## [Prompt]
Using the listing below, give again exactly the lines from the line with "Mutlu Asyalı kızlar dostça kucaklaştılar." to the line with "Ed Davey cleaning an ambulance", inclusive, without the pictures.

## [Task inputs]
-- Opening Marker --

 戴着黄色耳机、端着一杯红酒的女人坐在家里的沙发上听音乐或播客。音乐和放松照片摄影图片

-- Closing Marker --
-- Opening Marker --

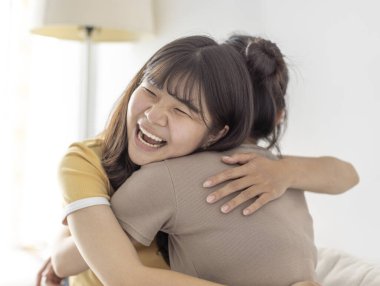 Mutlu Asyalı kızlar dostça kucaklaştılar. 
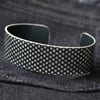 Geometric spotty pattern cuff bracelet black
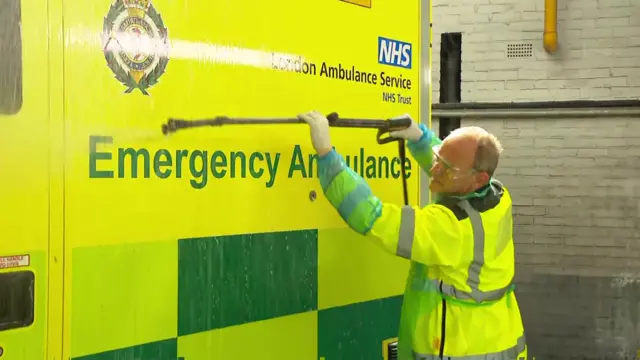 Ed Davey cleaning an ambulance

-- Closing Marker --

## [Result]
 Mutlu Asyalı kızlar dostça kucaklaştılar. 
 Geometric spotty pattern cuff bracelet black
 Ed Davey cleaning an ambulance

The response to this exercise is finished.